### Material for this exercise
**********
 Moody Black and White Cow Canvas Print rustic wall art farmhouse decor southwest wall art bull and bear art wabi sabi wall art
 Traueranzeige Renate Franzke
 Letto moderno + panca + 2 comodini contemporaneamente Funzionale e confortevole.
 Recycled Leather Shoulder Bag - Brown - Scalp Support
**********
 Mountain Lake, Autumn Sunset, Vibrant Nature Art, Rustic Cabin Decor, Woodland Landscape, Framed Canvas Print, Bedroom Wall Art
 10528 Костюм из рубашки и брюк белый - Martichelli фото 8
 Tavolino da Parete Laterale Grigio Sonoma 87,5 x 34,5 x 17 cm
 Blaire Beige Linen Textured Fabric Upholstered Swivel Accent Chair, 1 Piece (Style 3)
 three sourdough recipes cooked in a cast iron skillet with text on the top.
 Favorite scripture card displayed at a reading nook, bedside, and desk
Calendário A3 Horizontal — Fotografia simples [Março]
**********
### Exercise aim
Retype the entries above exactly, but only from the line containing "Tavolino da Parete" through the line containing "three sourdough recipes", both included.

### Reply to the task
 Tavolino da Parete Laterale Grigio Sonoma 87,5 x 34,5 x 17 cm
 Blaire Beige Linen Textured Fabric Upholstered Swivel Accent Chair, 1 Piece (Style 3)
 three sourdough recipes cooked in a cast iron skillet with text on the top.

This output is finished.